Meet the Last Generation of Typewriter Repairmen
June 1, 2010 8:39 AM   Subscribe

Wired.com takes a look back at these charming machines and visits three Bay Area workshops whose proprietors keep hearse-colored Remingtons and Underwoods from disappearing into the grave. (Typewriters previously)
posted by gman (31 comments total) 11 users marked this as a favorite
 
All three of the shops that Wired.com visited seemed to generate a comfortable living for their respective owners, supported by an eclectic clientele of collectors, design enthusiasts, prison inmates and tweenage girls.

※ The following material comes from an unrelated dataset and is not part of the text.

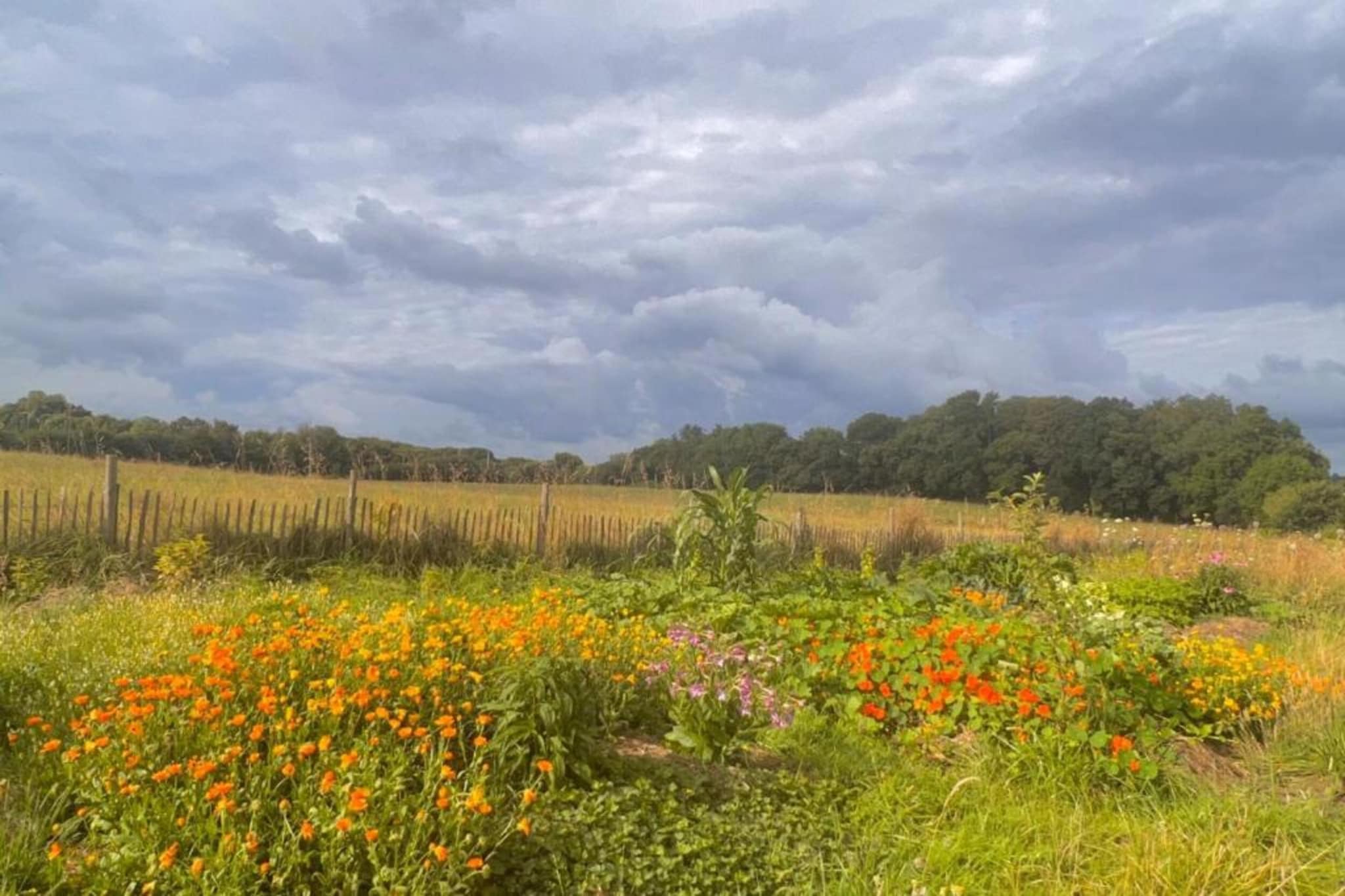 Maison Typique Bretonne-Gebieden zomer 20km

I love old typewriters and believe there is a place in hell for people who key off the keys to make bracelets and desk placards. There is something so satisfying about that tactile feel and that snap sound as each letter is hit. You can feel, hear, and become part of your progress. You fall into a rhythm and the idea of falling short, of coming up blank, and being forced to sit in silence becomes its own motivator to continue. That you can't just delete entire swaths of writing in means you have to pul the page and start again. Each word is a commitment. I love writing this way.

This said, my spelling sucks. I love modern spelling check.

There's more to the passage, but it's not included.